Girardi pulled him from a game at Boston on Sept. 12 because of what Jeter said was a sprained ankle. Jeter was a designated hitter for the next four games. Jeter fouled a ball off his left foot in Game 3 of the division series, again was taken out early, and was at DH the next day before returning to shortstop.
Without Jeter, there’s little core left in the Core Four, with only Andy Pettitte still in uniform and Jorge Posada watching from retirement.
Jeter’s injury literally changed the sound at Yankee Stadium, and not just because he caused a collective gasp when he sprawled on his stomach, immobile on the infield dirt.
His ankle broken, yelled out in pain.
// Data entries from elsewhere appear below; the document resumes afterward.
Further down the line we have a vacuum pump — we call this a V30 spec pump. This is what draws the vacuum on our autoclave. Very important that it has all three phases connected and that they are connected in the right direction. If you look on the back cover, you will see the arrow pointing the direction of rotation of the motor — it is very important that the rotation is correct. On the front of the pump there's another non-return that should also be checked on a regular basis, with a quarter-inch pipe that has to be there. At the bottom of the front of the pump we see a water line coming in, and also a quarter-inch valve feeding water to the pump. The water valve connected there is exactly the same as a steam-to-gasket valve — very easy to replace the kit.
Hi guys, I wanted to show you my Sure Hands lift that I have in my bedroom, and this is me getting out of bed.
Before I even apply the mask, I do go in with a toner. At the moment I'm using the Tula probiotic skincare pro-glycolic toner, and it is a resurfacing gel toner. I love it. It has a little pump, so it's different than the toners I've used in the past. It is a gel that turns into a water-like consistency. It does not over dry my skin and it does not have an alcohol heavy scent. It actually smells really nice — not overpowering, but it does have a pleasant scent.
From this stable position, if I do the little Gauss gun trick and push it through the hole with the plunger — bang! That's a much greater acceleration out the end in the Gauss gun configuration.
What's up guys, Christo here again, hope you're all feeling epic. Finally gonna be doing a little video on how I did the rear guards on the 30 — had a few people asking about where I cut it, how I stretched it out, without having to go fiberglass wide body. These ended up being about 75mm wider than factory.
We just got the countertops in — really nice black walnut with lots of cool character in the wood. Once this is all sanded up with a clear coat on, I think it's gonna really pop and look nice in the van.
He also had some words for Girardi when the manager and a trainer rushed out to check him.
“Even when I went to the field and I was going to carry him in, and he said `No, do not carry me.’ That is the kind of guy he is,” Girardi said.
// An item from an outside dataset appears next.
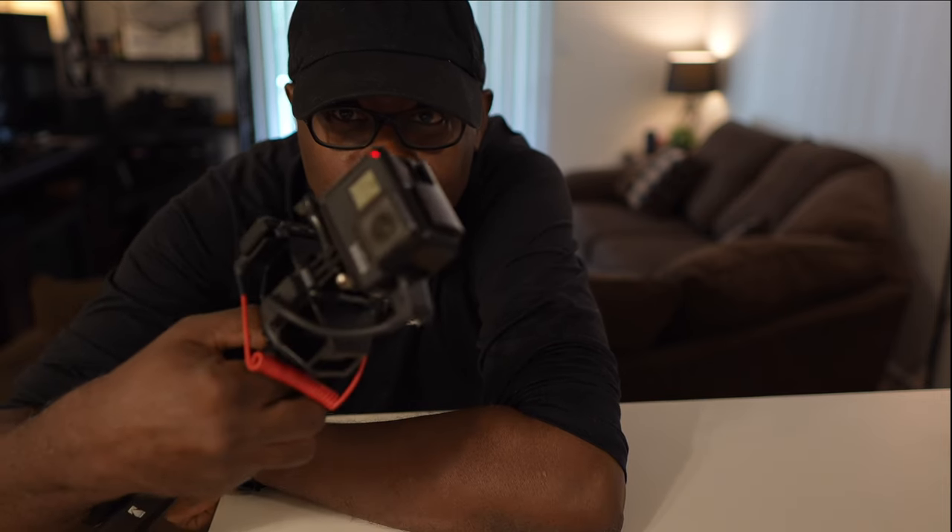As you can see, that rig worked — I can utilize my Hollyland Lark M1 microphone system with my GoPro rig. All the parts I used to get this working will be found in the description. Until the next video, take care.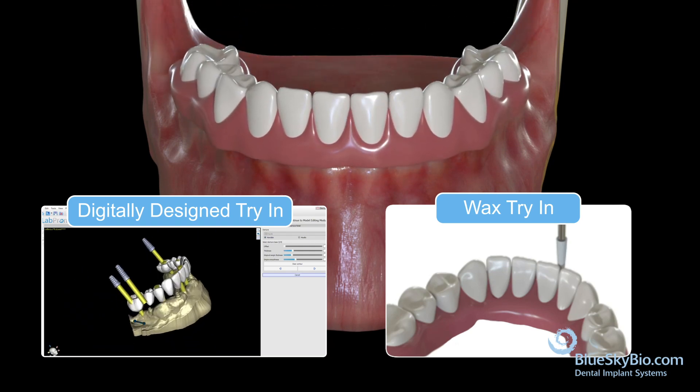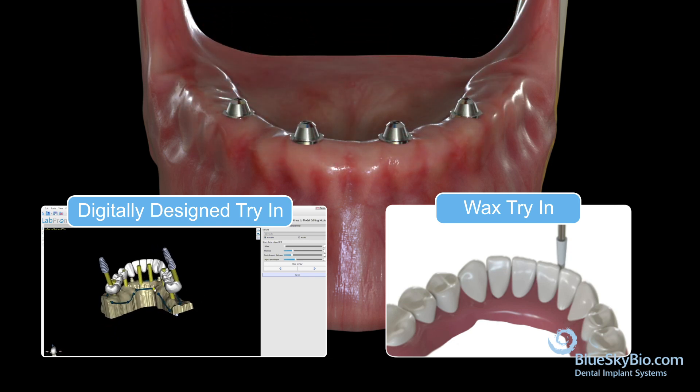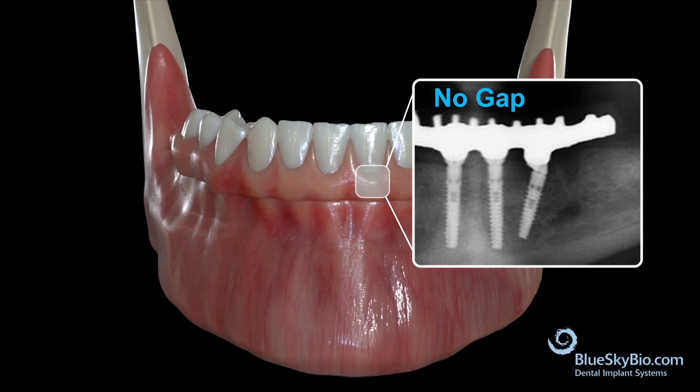The lab will then send an aesthetic try-in of the restoration. Place it in the mouth and evaluate the aesthetics and the bite. Any changes that need to be made should be done at this stage. Once the try-in has been approved, send it back to the lab for final fabrication of the restoration.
Instead, with one arm draped around Girardi and the other around trainer Steve Donahue, Jeter hobbled off the field on his good ankle as fans chanted his name.
And because Jeter was absent Sunday, so was voice of Bob Sheppard, the public address announcer who died two years ago at age 99. His recording is used to introduce Jeter for all of his at-bats.
Jeter has 200 postseason hits. Nix started Sunday with four postseason at-bats.
Girardi hoped for a repeat from New York’s baseball past _ and not just the Bronx part of town. Light-hitting infielders have made lightning strikes in October.
Bucky Dent brought down Boston when he homered over Fenway Park’s Green Monster in a one-game tiebreaker for the 1978 AL East title. Brian Doyle hit .438 as a replacement for injured Willie Randolph in that year’s World Series
And over in Queens, .219 career hitter Al Weis batted .455 as the 1969 Miracle Mets shocked Baltimore.
Two hours before the game, Girardi spoke of Jeter’s attitude, the one that has pushed the team to five World Series titles since 1996.